Markkula Center of Applied Ethics

Jessica Lynch, Hero

By Scott LaBarge

At the same time her Pentagon-inspired image as war hero has been exposed as propaganda, Jessica Lynch has done something genuinely heroic.

Indeed, the can't-miss-story of the small-town West Virginia girl is a classic lesson in the use and abuse of heroic images.

She was first offered to the public as a classic war hero in a Washington Post story reporting a version of events supplied by the Pentagon. The article portrayed Lynch as a valiant soldier who fought off her Iraqi assailants to the last bullet, and who was then rescued from captivity in a blazing fire-fight.

Bit by bit, that story was questioned. It seems now that Lynch never fired a shot, that her wounds were all sustained in an automobile accident, and that her rescuers met no armed resistance. She herself claims to have no memory of her capture. She also asserts that she's not a hero at all, and that the military was wrong to use her as an icon for its own purposes.

She told Diane Sawyer, "They used me as a way to symbolize all this stuff....It's wrong."

Society has a long-standing but silent agreement with its soldiers, especially those singled out as heroes. In order to make a war possible, we need to believe that the war serves just causes, that our actions in war are civilized and humane, and that we represent the side of decency and the right. During the war itself, a government exerts great effort to preserve all these appearances.

Our soldiers, however, see the reality of war. They cannot help but witness the brutality and moral complexities which the government tries its best to hide from the rest of us. These soldiers have the opportunity to challenge the government's chosen narrative.

The public, on the other hand, often does not want to hear that narrative challenged. We prefer the elegant moral simplicity of a story which casts us as the righteous heroes and the enemy as villains. So we strike a deal with the soldiers: Don't tell us what it's really like, we say. Don't tell us about the horrors you've seen, don't expose the lies you know have been told. In exchange, you'll be our hero. We'll praise you to the skies for your courage, we'll hold parades in your honor. Some lucky few we'll even turn into well-compensated icons of our national righteousness. All we ask is that you stick to the script.

To her credit, Jessica Lynch refused to accept this deal.
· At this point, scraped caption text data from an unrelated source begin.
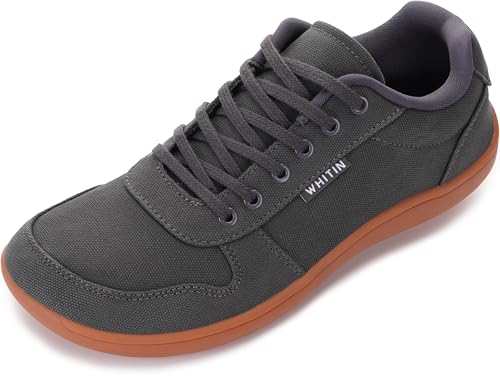 Image of WHITIN Men's Wide Barefoot Shoes | Stylish Canvas Minimalist Sneakers | Zero Drop Sole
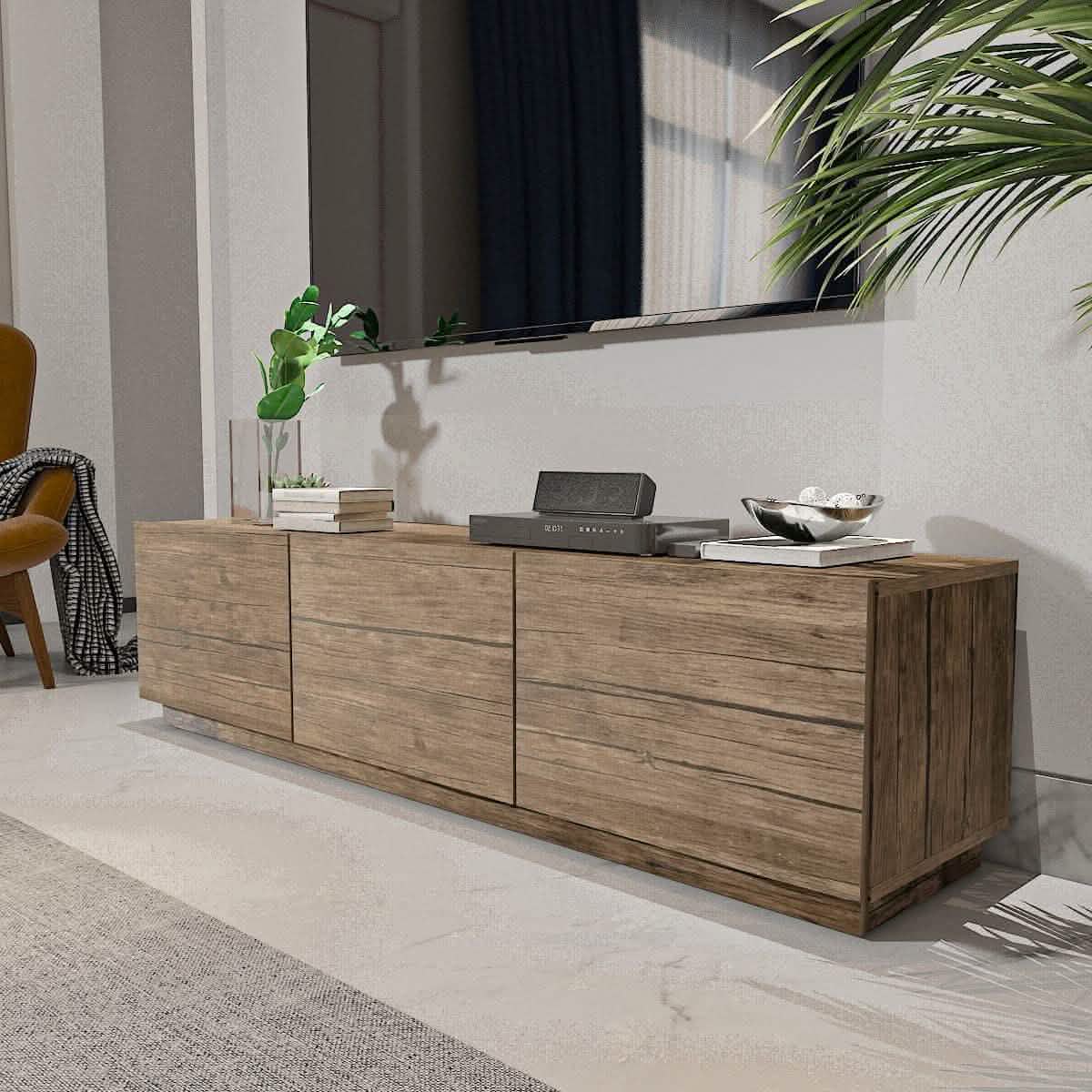 ترابيزة تليفزيون ام دي اف، 160*37*40 سم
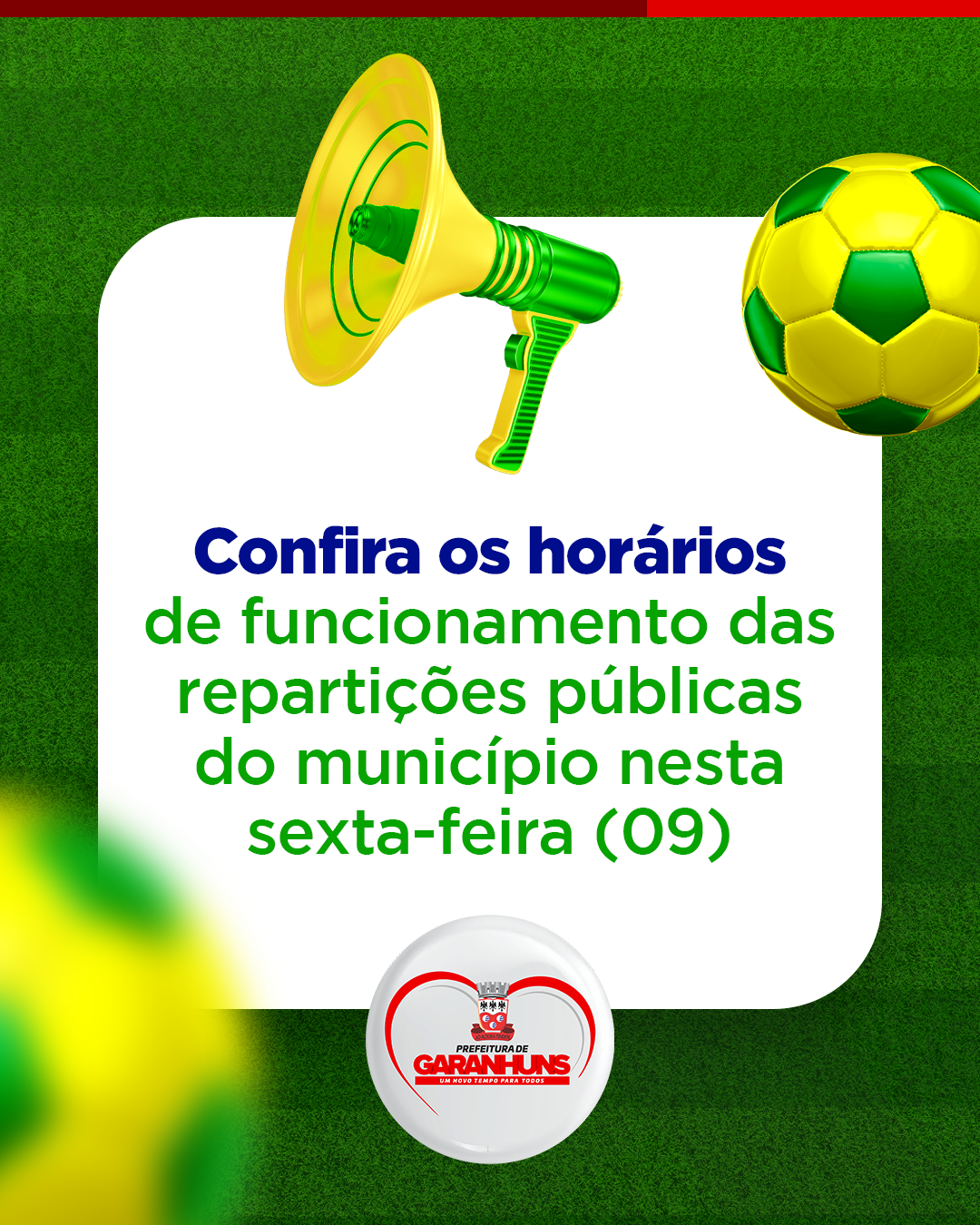 Amanhã (24) tem jogo do Brasil e as repartições públicas funcionam em  horário especial - Prefeitura de Ibitinga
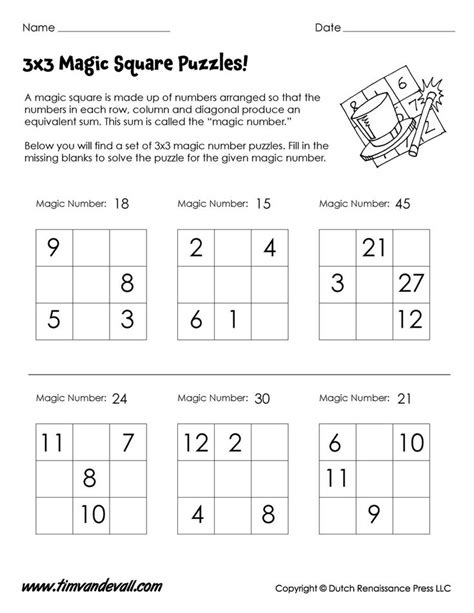 3x3-Magic-Square-Worksheet - Tim's Printables | Magic squares math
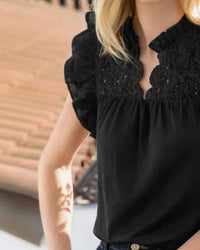 Thml - Flutter Sleeve Top With Embellished Yoke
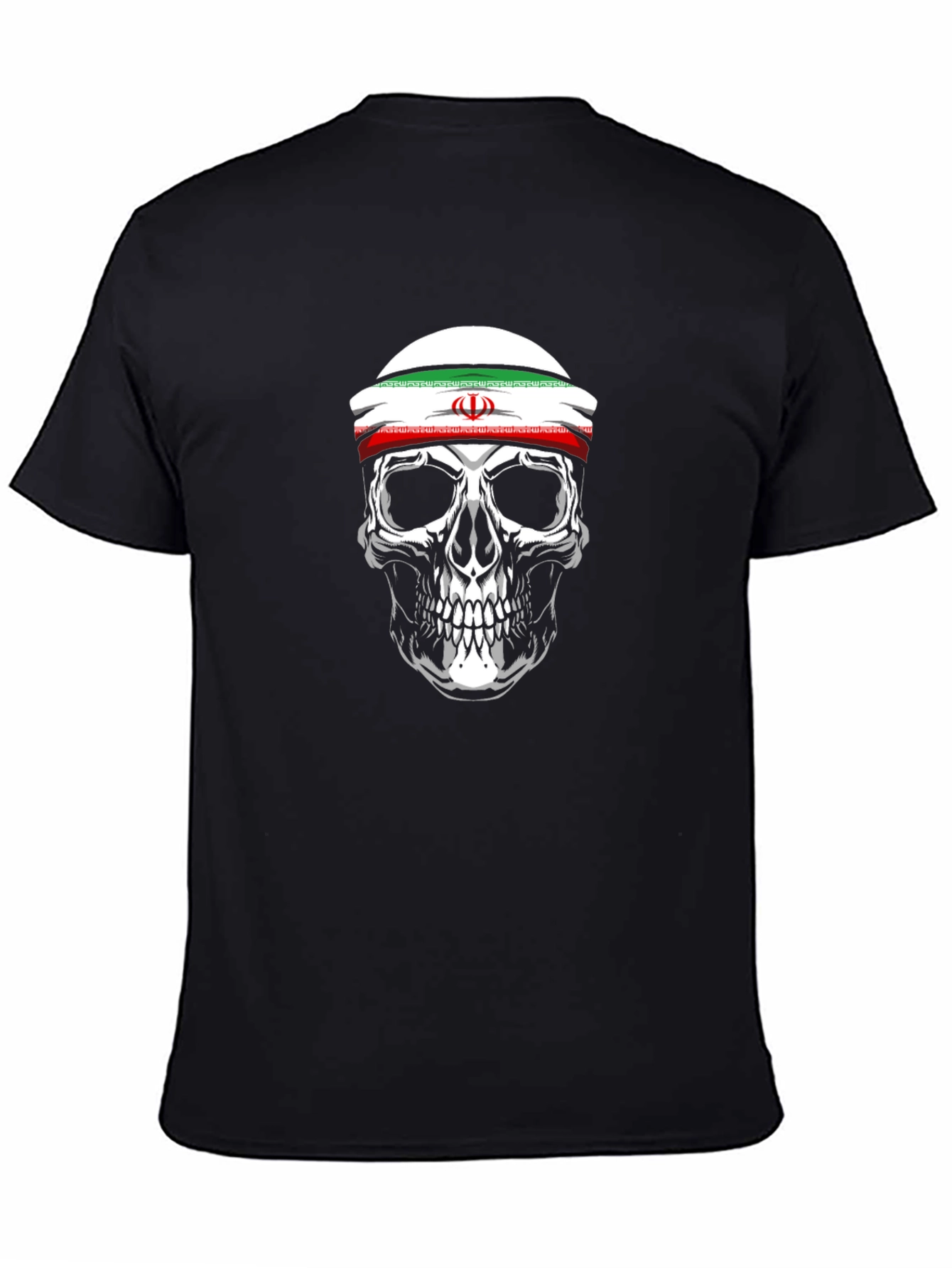 Black Skull with Iran Flag Headband Black T-Shirt view 4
To be sure, she has not come out as an opponent of the war — she's not like the Vietnam vets who protested the Vietnam War and were pilloried for it. Moreover, she has garnered a book deal, a TV movie, and several high profile interviews from her sudden celebrity. But in refusing to be a partner in her own lionization, and in refusing all of the future benefits that such a treatment would bring, she has acheived a degree of dignity that demands respect.

The propaganda machine works in part by taking likeable, sympathetic figures and linking them to the war. If you like and admire this person, they say, how can you challenge the purpose for which this person is fighting? It tries to paint the whole war effort with the attractiveness and nobility of one little part.

Jessica Lynch has refused to be used as a human cog in the propaganda machine. That is an act which genuinely deserves our admiration.

This article orginally appeared in the San Jose Mercury News on November 21, 2003.